Work order: Output should begin at the line holding "夜になると雪洞も、みあかし もあかりが灯り、更に素敵です。" and end at the last line of the entries; print those lines verbatim and no others.
:::::
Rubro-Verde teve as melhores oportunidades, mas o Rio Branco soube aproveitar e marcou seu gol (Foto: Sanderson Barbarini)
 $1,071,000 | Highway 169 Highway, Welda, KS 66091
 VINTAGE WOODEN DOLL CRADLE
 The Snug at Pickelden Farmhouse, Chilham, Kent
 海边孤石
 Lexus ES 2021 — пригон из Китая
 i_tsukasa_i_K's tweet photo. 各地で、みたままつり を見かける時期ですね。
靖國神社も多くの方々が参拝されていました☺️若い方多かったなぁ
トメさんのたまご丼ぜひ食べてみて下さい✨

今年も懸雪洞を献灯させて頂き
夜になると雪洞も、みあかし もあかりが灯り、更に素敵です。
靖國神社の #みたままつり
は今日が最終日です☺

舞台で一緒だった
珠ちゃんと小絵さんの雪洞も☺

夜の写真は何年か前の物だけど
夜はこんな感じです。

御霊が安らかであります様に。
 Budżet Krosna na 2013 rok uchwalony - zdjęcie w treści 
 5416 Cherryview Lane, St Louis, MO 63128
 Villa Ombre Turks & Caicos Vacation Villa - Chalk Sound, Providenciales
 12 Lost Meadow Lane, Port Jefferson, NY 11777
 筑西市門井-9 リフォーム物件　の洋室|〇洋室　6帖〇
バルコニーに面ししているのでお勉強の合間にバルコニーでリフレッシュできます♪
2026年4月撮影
:::::
Answer box:
夜になると雪洞も、みあかし もあかりが灯り、更に素敵です。
靖國神社の #みたままつり
は今日が最終日です☺

舞台で一緒だった
珠ちゃんと小絵さんの雪洞も☺

夜の写真は何年か前の物だけど
夜はこんな感じです。

御霊が安らかであります様に。
 Budżet Krosna na 2013 rok uchwalony - zdjęcie w treści 
 5416 Cherryview Lane, St Louis, MO 63128
 Villa Ombre Turks & Caicos Vacation Villa - Chalk Sound, Providenciales
 12 Lost Meadow Lane, Port Jefferson, NY 11777
 筑西市門井-9 リフォーム物件　の洋室|〇洋室　6帖〇
バルコニーに面ししているのでお勉強の合間にバルコニーでリフレッシュできます♪
2026年4月撮影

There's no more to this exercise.